■ To do
Only the lines from the one with "Men's Graphic T-Shirt" to the end of the listing below should be set down, exactly as written and without any pictures.

■ Provided material
-------

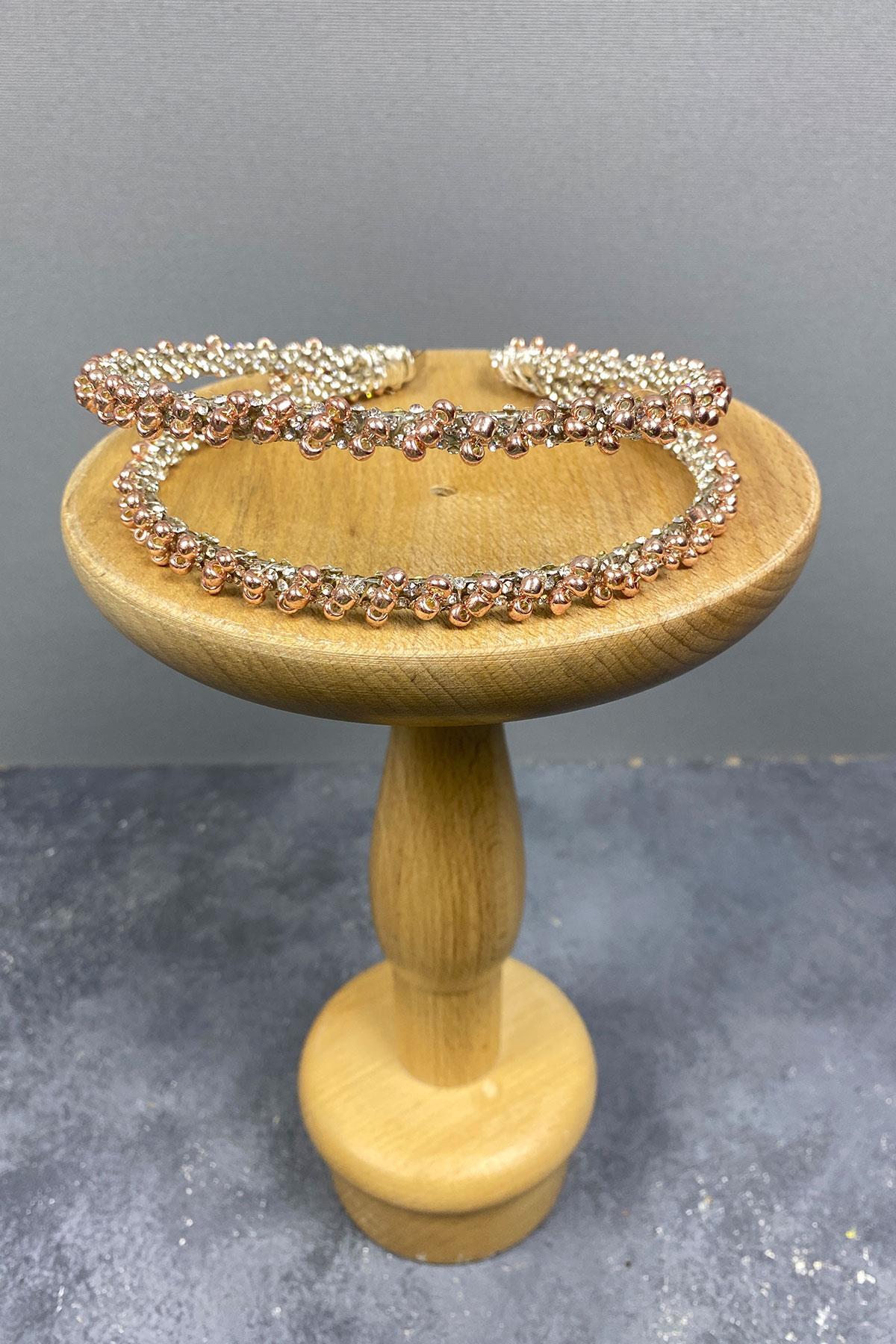 Wholesale Rose Design Beaded Handmade Dahlia Double Row Bridal Crown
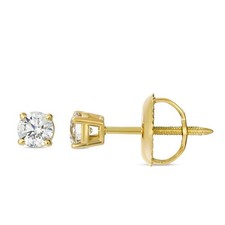 Le Vian 14K Yellow Gold Stud Earrings 0.25 cts Round Diamond Jewelry for Women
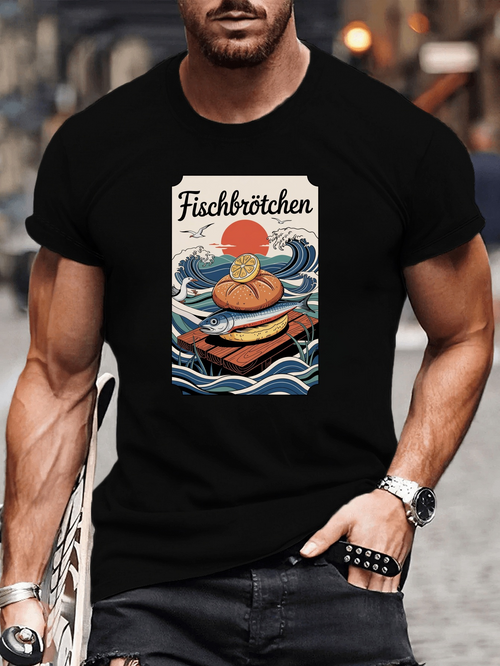 Men's Graphic T-Shirt Sunset Over Rolling Waves With Fresh Fish Sandwich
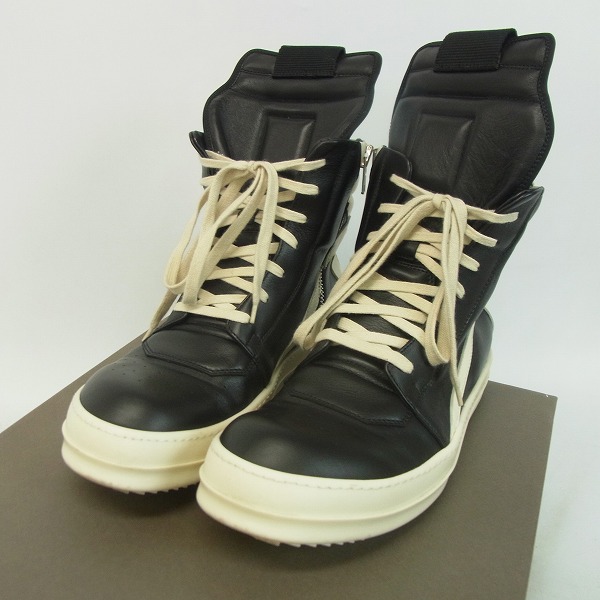 実際に弊社で買取させて頂いたRICK OWENS/リックオウエンス 16SS GEOBASKET/ジオバス サイドジップ レザースニーカー RU16S3894/43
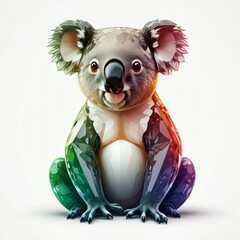 Rainbow Koala: Colorful Artistic Portrait of a Koala Bear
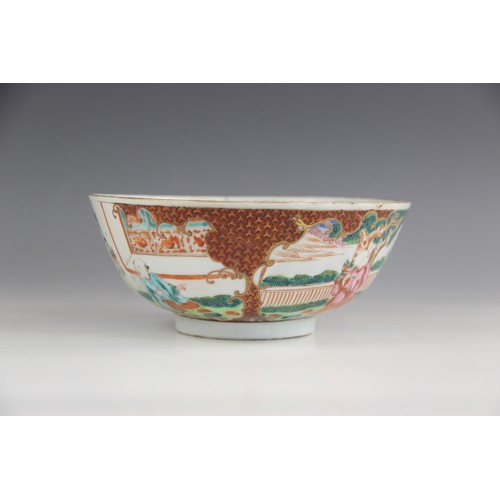 436 - A Chinese porcelain bowl, 18th century, of tapering circular form, externally decorated with two pan... 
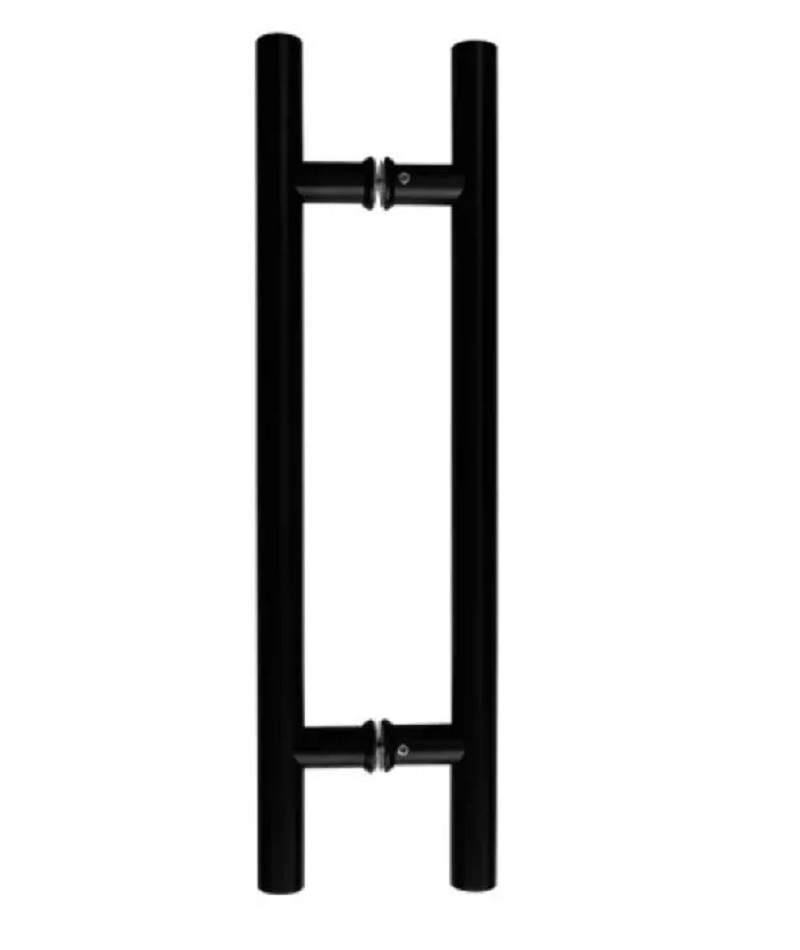 Jaladera De Acero Inoxidable Tipo H 50cm Para Puerta De Cristal, Madera O Herrería Negro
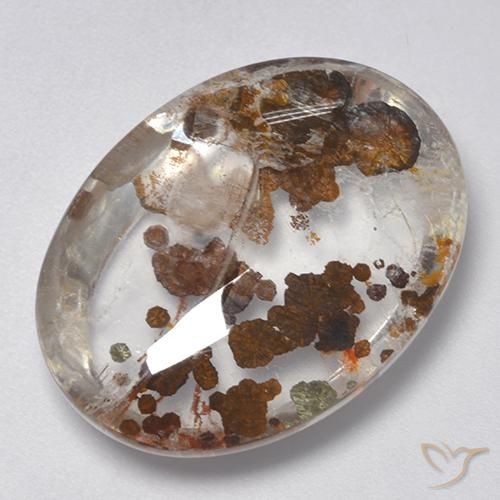 25.77ct Natürlicher Mehrfarbig Quarz mit Markasit, Oval, Transparent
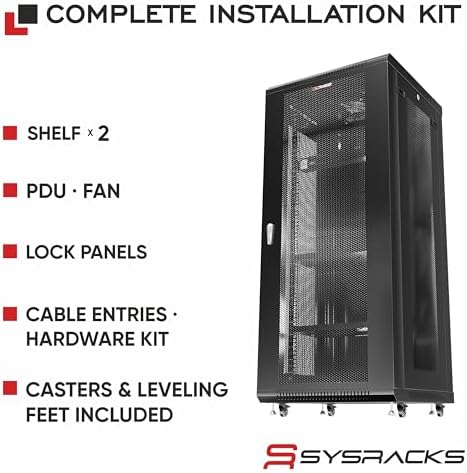 27U Wall Mount Server Rack Cabinet 24” Deep, 19” Network Enclosure for Home Lab with Fan, PDU, 2 Shelves, Casters & Feet, Locking Mesh Door - Image 4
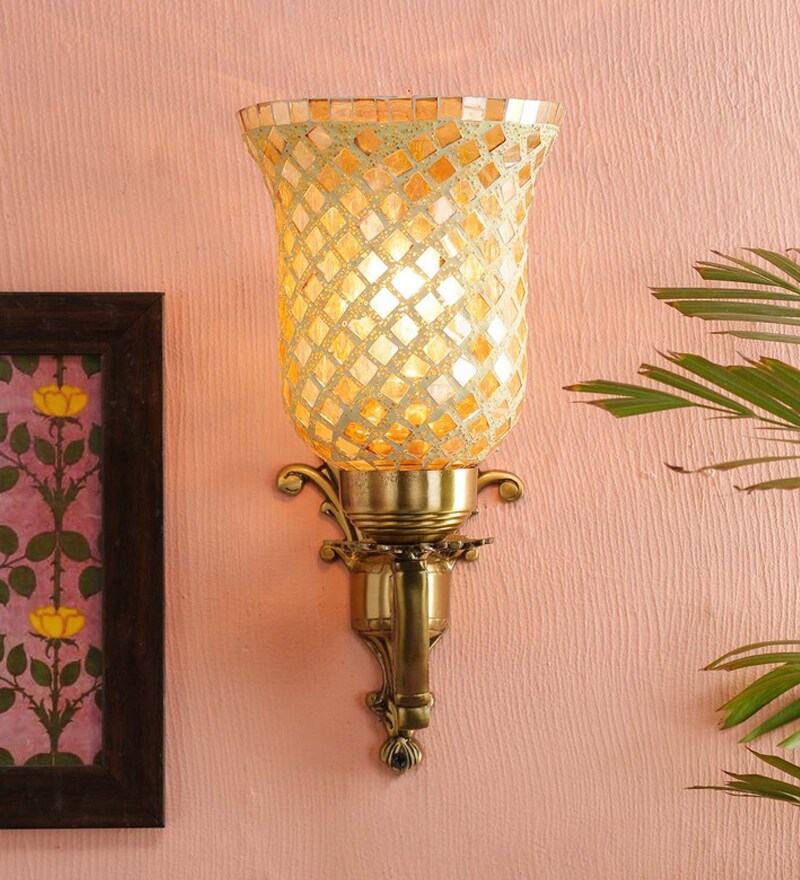 Buy Gold Brass and Glass Wall Light by ASTRAL Online Traditional Wall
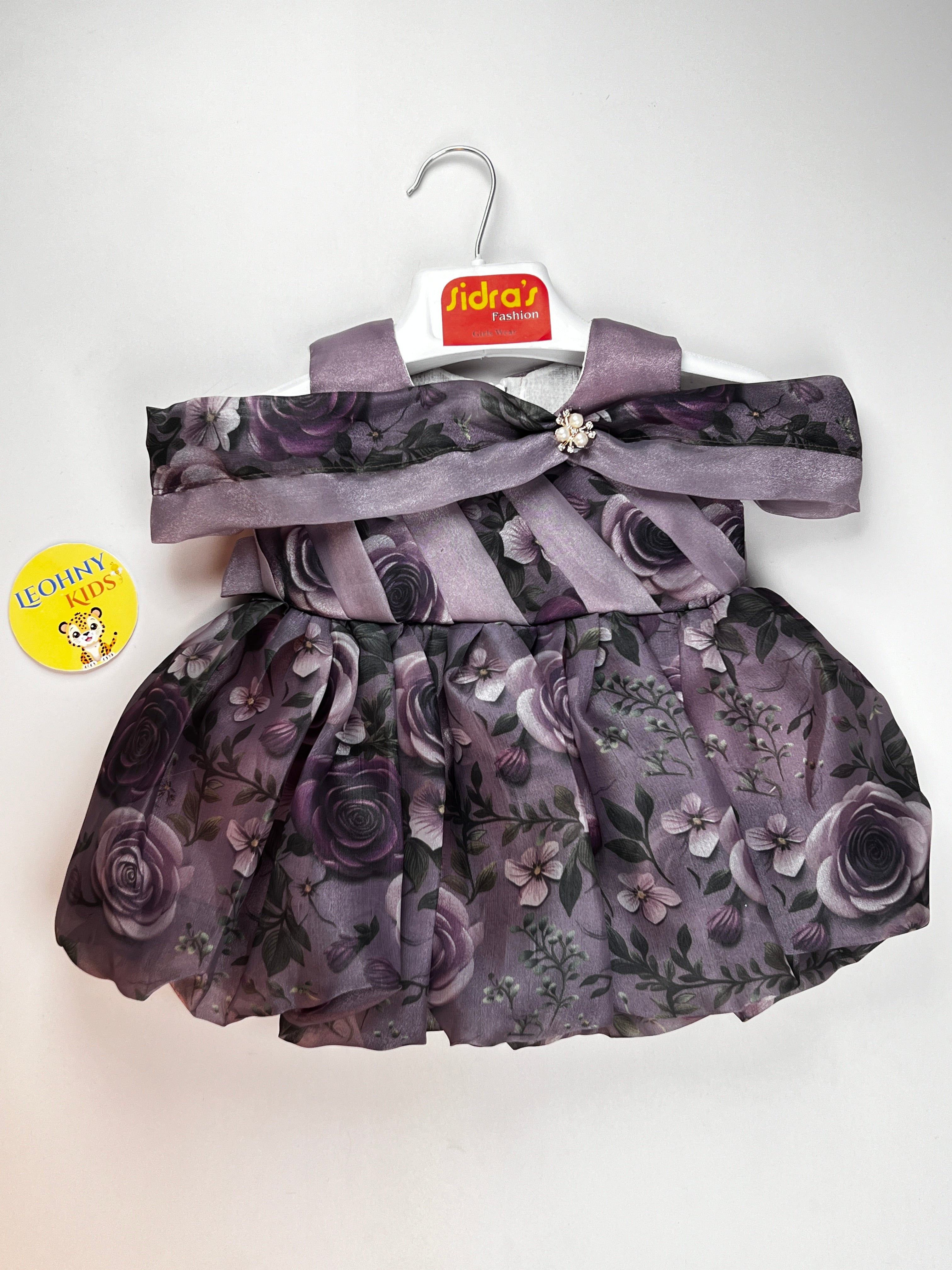 Girls Floral Silk Party Wear Frock with Off-Shoulder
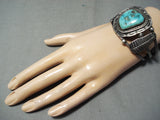 Hefty Thick Vintage Native American Navajo Turquoise Leaf Flank Sterling Silver Bracelet Old-Nativo Arts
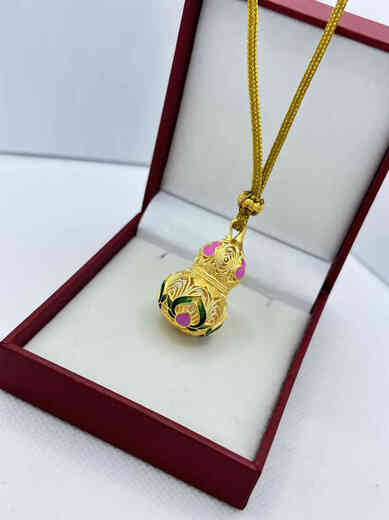 VZZS Lemon Hao Meng Shui Bei gold-wrapped silver craft ancient enamel color hollow gourd pendant ethnic style pendant total weight 13 grams gold content 1.3 grams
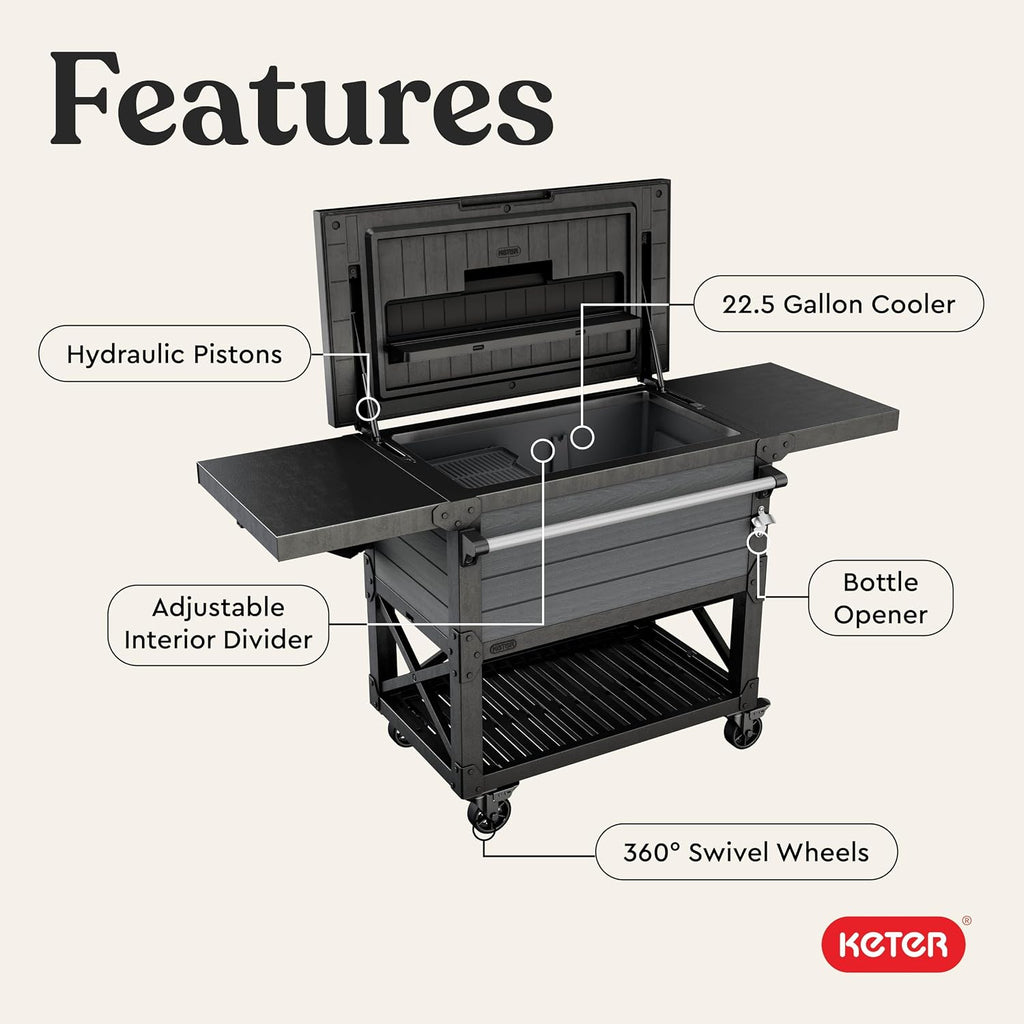 Keter 89.8 Qt Portable Outdoor Patio Cooling Chest, Ice Chest Beverage Party Bar Cart Table with Swivel Wheels, Shelves, and Bottle Opener, Graphite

-------

■ Response box
 Men's Graphic T-Shirt Sunset Over Rolling Waves With Fresh Fish Sandwich
 実際に弊社で買取させて頂いたRICK OWENS/リックオウエンス 16SS GEOBASKET/ジオバス サイドジップ レザースニーカー RU16S3894/43
 Rainbow Koala: Colorful Artistic Portrait of a Koala Bear
 436 - A Chinese porcelain bowl, 18th century, of tapering circular form, externally decorated with two pan... 
 Jaladera De Acero Inoxidable Tipo H 50cm Para Puerta De Cristal, Madera O Herrería Negro
 25.77ct Natürlicher Mehrfarbig Quarz mit Markasit, Oval, Transparent
 27U Wall Mount Server Rack Cabinet 24” Deep, 19” Network Enclosure for Home Lab with Fan, PDU, 2 Shelves, Casters & Feet, Locking Mesh Door - Image 4
 Buy Gold Brass and Glass Wall Light by ASTRAL Online Traditional Wall
 Girls Floral Silk Party Wear Frock with Off-Shoulder
 Hefty Thick Vintage Native American Navajo Turquoise Leaf Flank Sterling Silver Bracelet Old-Nativo Arts
 VZZS Lemon Hao Meng Shui Bei gold-wrapped silver craft ancient enamel color hollow gourd pendant ethnic style pendant total weight 13 grams gold content 1.3 grams
 Keter 89.8 Qt Portable Outdoor Patio Cooling Chest, Ice Chest Beverage Party Bar Cart Table with Swivel Wheels, Shelves, and Bottle Opener, Graphite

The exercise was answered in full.